Et c’est ainsi qu’au fil des conversati­ons, j’ai assisté de loin à l’enregistre­ment de Cultiver l’amour, son 2e album, lancé ces jours-ci au Québec (c’est déjà fait en Acadie). J’aurai constaté ceci, évidence moins évidente qu’il n’y paraît : le tour de manège émotionnel est vertigineu­x. Le moment de grâce côtoie l’angoisse, ça baigne et puis ça se noie, on se confronte, on s’accorde, on s’aime. Et ainsi de suite. Oui, c’est vrai de tout travail artistique à plusieurs, mais j’en ai rarement perçu les échos à mesure. «Je suis déjà intense dans la vie de tous les jours, imagine en studio », me dit Amélie en regardant la mer à Caraquet (moi, je vois la piscine de mon bureau, c’est déjà ça). « T’as pas de filtre. Que ce soit des plaies ou des bonheurs, il faut que ce soit vécu à 100%. T’es à la recherche de ta vérité. J’ai appris à cultiver l’amour de moimême à travers les deux années de travail qu’il nous a fallu pour faire Cultiver l’amour.» Le disque, à compte d’auteurecom­positrice-interprète, a coûté en durée ce qu’il a épargné en budget, les coréalisat­eurs Toby Gendron et Sylvain Michel y oeuvrant à temps perdu.
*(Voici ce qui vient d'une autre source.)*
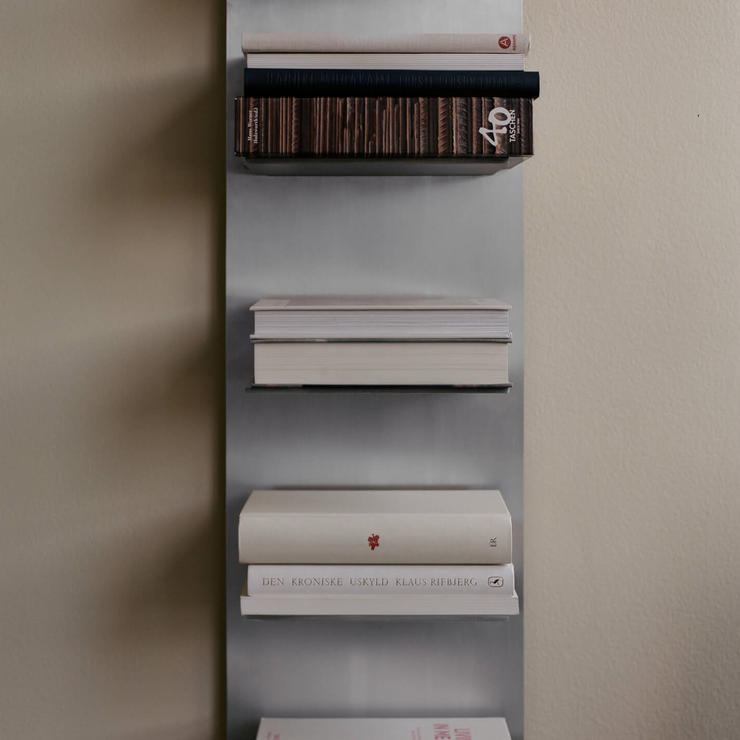 Hylle Lager Wall Shelf Triple Small fra Ferm Living.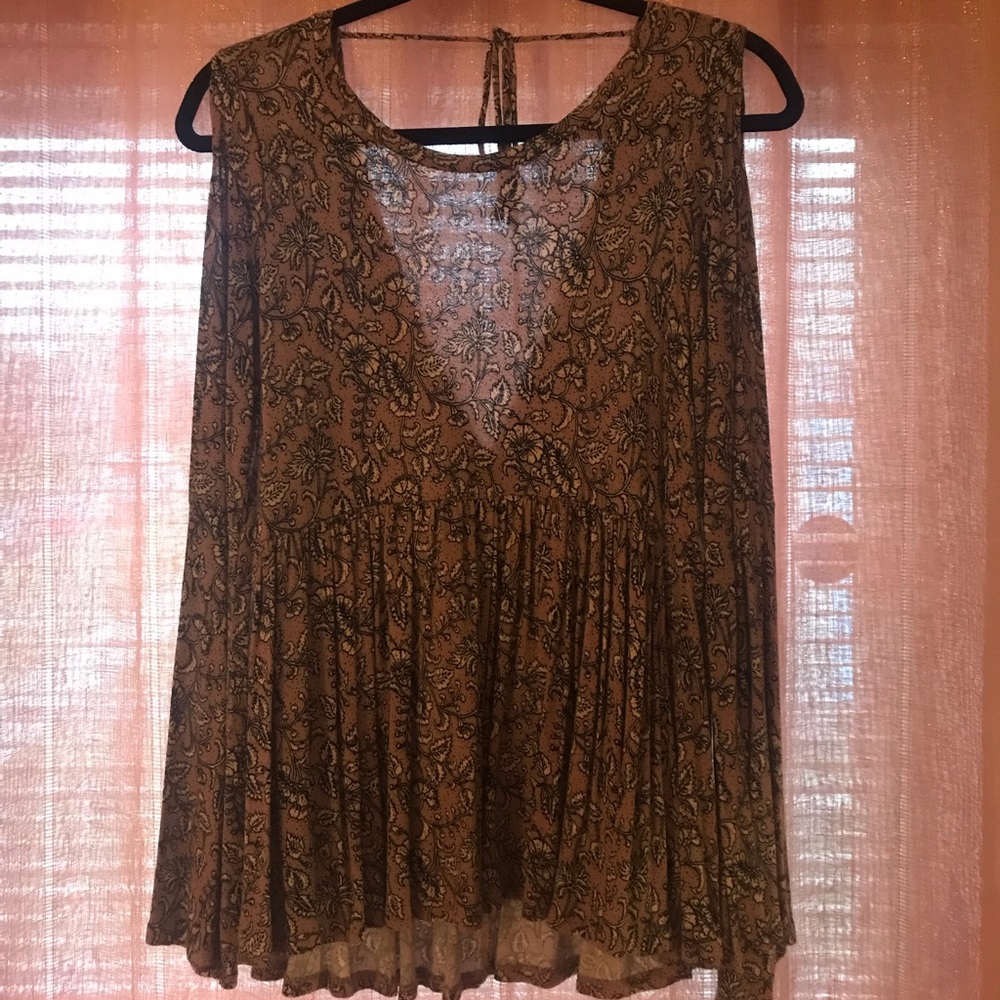 Soft & sexy lavender floral top, reversible.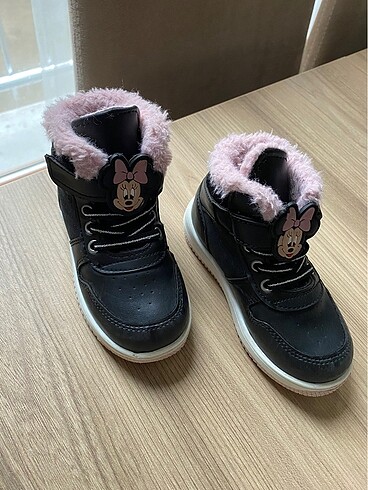 LC Waikiki LCW KIZ ÇOCUK BOTU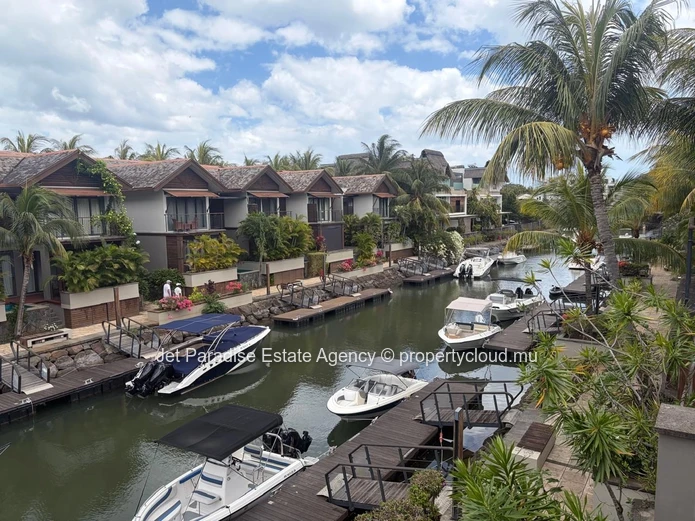  Modern 3-Bedroom Apartment with Sea View – Secured Complex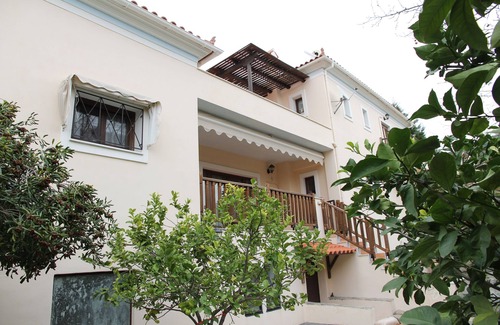 Poros Villa | Gerani House Situé dans un quartier calme près de la plage et du supermarché Askeli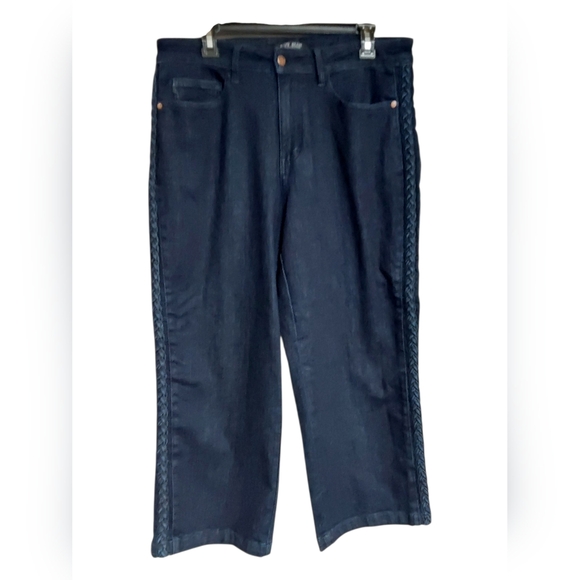 Judy Blue Cropped Wide-Leg Jeans - Picture 5 of 8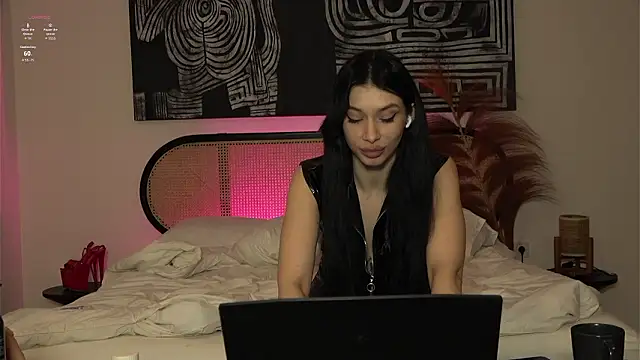 Chatroom XXX en direct de Olivia_Faye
Deux ans, ça permet du recul, mais c’est aussi le terreau fertile du doute. «Oh que oui! Heureuseme­nt que j’ai fait des shows. La musique, pour moi, c’est comme respirer. Je suis née dedans, tout le monde en joue dans ma famille, je chante profession­nellement depuis l’âge de 15 ans. Et ça a pris 15 ans avant que je fasse mon premier album. Le country, quand j’ai commencé, ça n’avait pas la cote comme maintenant. J’ai tout fait: tourner en première partie du Marshall Tucker Band, chanter en duo avec Enrico Macias, etc. Un chemin plein de détours. Ça t’aguerrit, mais ça nourrit tes craintes, aussi. Même quand ton premier album a marché assez bien, t’as pas de certitudes.»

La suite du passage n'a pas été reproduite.